→ Problem requirements: Write out the data exactly, every line included.

→ Dataset records:

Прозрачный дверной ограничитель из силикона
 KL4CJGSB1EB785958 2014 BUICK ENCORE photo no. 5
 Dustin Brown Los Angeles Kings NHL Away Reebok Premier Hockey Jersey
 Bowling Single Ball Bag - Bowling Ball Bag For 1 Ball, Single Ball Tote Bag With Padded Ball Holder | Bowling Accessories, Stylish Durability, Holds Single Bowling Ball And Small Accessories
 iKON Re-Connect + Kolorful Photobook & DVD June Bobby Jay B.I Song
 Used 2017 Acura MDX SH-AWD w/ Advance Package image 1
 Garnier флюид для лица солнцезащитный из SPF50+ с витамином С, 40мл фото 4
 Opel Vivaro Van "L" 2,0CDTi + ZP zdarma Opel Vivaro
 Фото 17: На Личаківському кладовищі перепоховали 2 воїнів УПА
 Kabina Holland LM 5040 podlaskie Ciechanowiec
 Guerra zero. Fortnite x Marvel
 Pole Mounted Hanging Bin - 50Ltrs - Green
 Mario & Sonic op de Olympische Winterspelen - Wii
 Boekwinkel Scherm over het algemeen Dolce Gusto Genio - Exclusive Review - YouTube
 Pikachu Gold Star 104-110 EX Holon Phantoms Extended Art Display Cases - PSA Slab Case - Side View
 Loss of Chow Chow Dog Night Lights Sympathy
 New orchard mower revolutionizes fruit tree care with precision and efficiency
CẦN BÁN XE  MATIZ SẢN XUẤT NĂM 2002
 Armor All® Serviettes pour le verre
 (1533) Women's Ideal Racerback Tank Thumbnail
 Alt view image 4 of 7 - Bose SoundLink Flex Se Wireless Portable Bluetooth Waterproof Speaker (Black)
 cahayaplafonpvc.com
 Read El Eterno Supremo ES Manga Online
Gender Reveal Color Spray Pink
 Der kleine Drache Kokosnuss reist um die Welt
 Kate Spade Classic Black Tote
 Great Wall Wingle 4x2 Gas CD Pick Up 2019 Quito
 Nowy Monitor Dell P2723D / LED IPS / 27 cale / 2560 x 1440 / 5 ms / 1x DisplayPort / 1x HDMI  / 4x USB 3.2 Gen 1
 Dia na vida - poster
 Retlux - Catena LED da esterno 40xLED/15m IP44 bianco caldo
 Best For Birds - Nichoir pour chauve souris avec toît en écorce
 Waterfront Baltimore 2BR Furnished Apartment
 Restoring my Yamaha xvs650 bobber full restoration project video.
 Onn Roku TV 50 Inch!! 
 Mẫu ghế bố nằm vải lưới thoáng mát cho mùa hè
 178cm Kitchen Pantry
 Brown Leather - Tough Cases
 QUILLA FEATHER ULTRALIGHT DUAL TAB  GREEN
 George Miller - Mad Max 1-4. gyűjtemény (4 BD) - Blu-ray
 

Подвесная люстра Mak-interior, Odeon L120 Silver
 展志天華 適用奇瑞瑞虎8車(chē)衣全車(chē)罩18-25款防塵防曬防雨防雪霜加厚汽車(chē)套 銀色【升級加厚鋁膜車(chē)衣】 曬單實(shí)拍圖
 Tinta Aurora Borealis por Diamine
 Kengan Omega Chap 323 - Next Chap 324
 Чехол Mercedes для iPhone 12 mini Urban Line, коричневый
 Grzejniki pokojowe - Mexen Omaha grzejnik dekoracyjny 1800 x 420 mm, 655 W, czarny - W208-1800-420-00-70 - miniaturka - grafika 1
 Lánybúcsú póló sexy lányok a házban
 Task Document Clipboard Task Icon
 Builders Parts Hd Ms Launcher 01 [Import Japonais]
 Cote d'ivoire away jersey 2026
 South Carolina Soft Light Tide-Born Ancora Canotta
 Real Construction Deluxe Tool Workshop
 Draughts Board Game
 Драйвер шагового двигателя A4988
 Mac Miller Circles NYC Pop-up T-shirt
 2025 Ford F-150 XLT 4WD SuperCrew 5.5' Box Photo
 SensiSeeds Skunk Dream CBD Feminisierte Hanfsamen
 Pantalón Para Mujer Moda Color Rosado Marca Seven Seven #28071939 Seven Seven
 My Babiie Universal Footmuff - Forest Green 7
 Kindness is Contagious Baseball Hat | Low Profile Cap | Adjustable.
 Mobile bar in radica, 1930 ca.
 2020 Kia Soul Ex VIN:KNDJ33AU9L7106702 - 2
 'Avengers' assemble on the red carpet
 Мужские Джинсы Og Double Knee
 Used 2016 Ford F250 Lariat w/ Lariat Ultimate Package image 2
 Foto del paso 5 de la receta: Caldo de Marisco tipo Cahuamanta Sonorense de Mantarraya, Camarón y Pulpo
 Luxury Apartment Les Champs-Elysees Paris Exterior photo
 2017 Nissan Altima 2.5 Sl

→ Task result:
Прозрачный дверной ограничитель из силикона
 KL4CJGSB1EB785958 2014 BUICK ENCORE photo no. 5
 Dustin Brown Los Angeles Kings NHL Away Reebok Premier Hockey Jersey
 Bowling Single Ball Bag - Bowling Ball Bag For 1 Ball, Single Ball Tote Bag With Padded Ball Holder | Bowling Accessories, Stylish Durability, Holds Single Bowling Ball And Small Accessories
 iKON Re-Connect + Kolorful Photobook & DVD June Bobby Jay B.I Song
 Used 2017 Acura MDX SH-AWD w/ Advance Package image 1
 Garnier флюид для лица солнцезащитный из SPF50+ с витамином С, 40мл фото 4
 Opel Vivaro Van "L" 2,0CDTi + ZP zdarma Opel Vivaro
 Фото 17: На Личаківському кладовищі перепоховали 2 воїнів УПА
 Kabina Holland LM 5040 podlaskie Ciechanowiec
 Guerra zero. Fortnite x Marvel
 Pole Mounted Hanging Bin - 50Ltrs - Green
 Mario & Sonic op de Olympische Winterspelen - Wii
 Boekwinkel Scherm over het algemeen Dolce Gusto Genio - Exclusive Review - YouTube
 Pikachu Gold Star 104-110 EX Holon Phantoms Extended Art Display Cases - PSA Slab Case - Side View
 Loss of Chow Chow Dog Night Lights Sympathy
 New orchard mower revolutionizes fruit tree care with precision and efficiency
CẦN BÁN XE  MATIZ SẢN XUẤT NĂM 2002
 Armor All® Serviettes pour le verre
 (1533) Women's Ideal Racerback Tank Thumbnail
 Alt view image 4 of 7 - Bose SoundLink Flex Se Wireless Portable Bluetooth Waterproof Speaker (Black)
 cahayaplafonpvc.com
 Read El Eterno Supremo ES Manga Online
Gender Reveal Color Spray Pink
 Der kleine Drache Kokosnuss reist um die Welt
 Kate Spade Classic Black Tote
 Great Wall Wingle 4x2 Gas CD Pick Up 2019 Quito
 Nowy Monitor Dell P2723D / LED IPS / 27 cale / 2560 x 1440 / 5 ms / 1x DisplayPort / 1x HDMI  / 4x USB 3.2 Gen 1
 Dia na vida - poster
 Retlux - Catena LED da esterno 40xLED/15m IP44 bianco caldo
 Best For Birds - Nichoir pour chauve souris avec toît en écorce
 Waterfront Baltimore 2BR Furnished Apartment
 Restoring my Yamaha xvs650 bobber full restoration project video.
 Onn Roku TV 50 Inch!! 
 Mẫu ghế bố nằm vải lưới thoáng mát cho mùa hè
 178cm Kitchen Pantry
 Brown Leather - Tough Cases
 QUILLA FEATHER ULTRALIGHT DUAL TAB  GREEN
 George Miller - Mad Max 1-4. gyűjtemény (4 BD) - Blu-ray
 

Подвесная люстра Mak-interior, Odeon L120 Silver
 展志天華 適用奇瑞瑞虎8車(chē)衣全車(chē)罩18-25款防塵防曬防雨防雪霜加厚汽車(chē)套 銀色【升級加厚鋁膜車(chē)衣】 曬單實(shí)拍圖
 Tinta Aurora Borealis por Diamine
 Kengan Omega Chap 323 - Next Chap 324
 Чехол Mercedes для iPhone 12 mini Urban Line, коричневый
 Grzejniki pokojowe - Mexen Omaha grzejnik dekoracyjny 1800 x 420 mm, 655 W, czarny - W208-1800-420-00-70 - miniaturka - grafika 1
 Lánybúcsú póló sexy lányok a házban
 Task Document Clipboard Task Icon
 Builders Parts Hd Ms Launcher 01 [Import Japonais]
 Cote d'ivoire away jersey 2026
 South Carolina Soft Light Tide-Born Ancora Canotta
 Real Construction Deluxe Tool Workshop
 Draughts Board Game
 Драйвер шагового двигателя A4988
 Mac Miller Circles NYC Pop-up T-shirt
 2025 Ford F-150 XLT 4WD SuperCrew 5.5' Box Photo
 SensiSeeds Skunk Dream CBD Feminisierte Hanfsamen
 Pantalón Para Mujer Moda Color Rosado Marca Seven Seven #28071939 Seven Seven
 My Babiie Universal Footmuff - Forest Green 7
 Kindness is Contagious Baseball Hat | Low Profile Cap | Adjustable.
 Mobile bar in radica, 1930 ca.
 2020 Kia Soul Ex VIN:KNDJ33AU9L7106702 - 2
 'Avengers' assemble on the red carpet
 Мужские Джинсы Og Double Knee
 Used 2016 Ford F250 Lariat w/ Lariat Ultimate Package image 2
 Foto del paso 5 de la receta: Caldo de Marisco tipo Cahuamanta Sonorense de Mantarraya, Camarón y Pulpo
 Luxury Apartment Les Champs-Elysees Paris Exterior photo
 2017 Nissan Altima 2.5 Sl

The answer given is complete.